## Working data

——————

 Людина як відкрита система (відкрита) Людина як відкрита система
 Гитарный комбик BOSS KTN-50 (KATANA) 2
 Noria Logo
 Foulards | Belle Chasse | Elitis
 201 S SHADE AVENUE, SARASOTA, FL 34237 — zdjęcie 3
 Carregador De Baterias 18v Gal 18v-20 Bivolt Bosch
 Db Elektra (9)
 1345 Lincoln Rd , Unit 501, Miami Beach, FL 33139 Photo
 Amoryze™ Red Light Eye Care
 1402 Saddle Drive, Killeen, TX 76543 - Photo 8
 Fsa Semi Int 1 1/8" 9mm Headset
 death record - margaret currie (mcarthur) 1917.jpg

——————

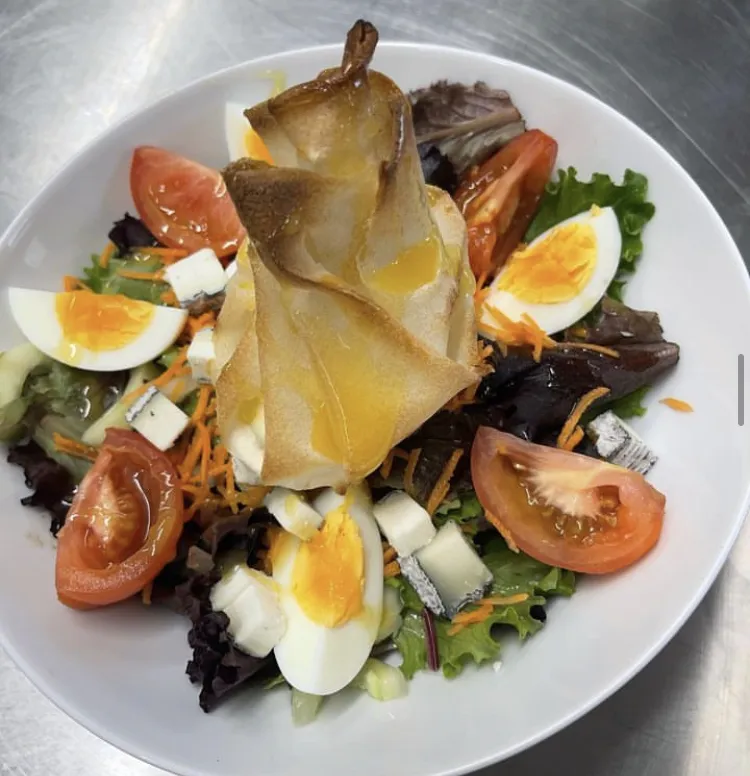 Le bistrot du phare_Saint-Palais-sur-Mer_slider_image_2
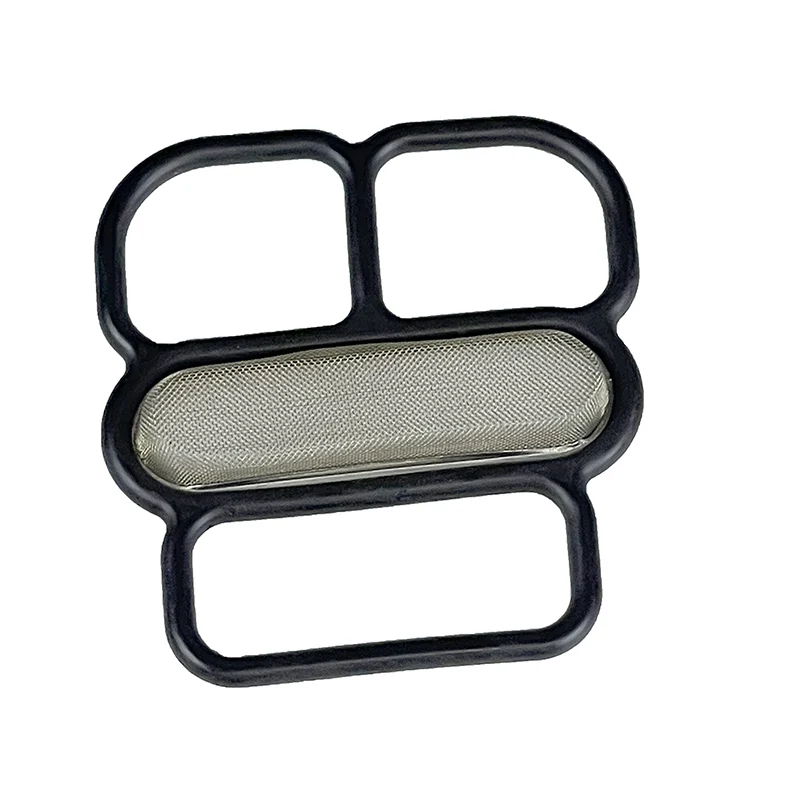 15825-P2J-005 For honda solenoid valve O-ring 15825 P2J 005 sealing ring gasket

——————

## What this task involves
Find every line above where the word "Photo" occurs, and copy that line.

## Task solution
 1345 Lincoln Rd , Unit 501, Miami Beach, FL 33139 Photo
 1402 Saddle Drive, Killeen, TX 76543 - Photo 8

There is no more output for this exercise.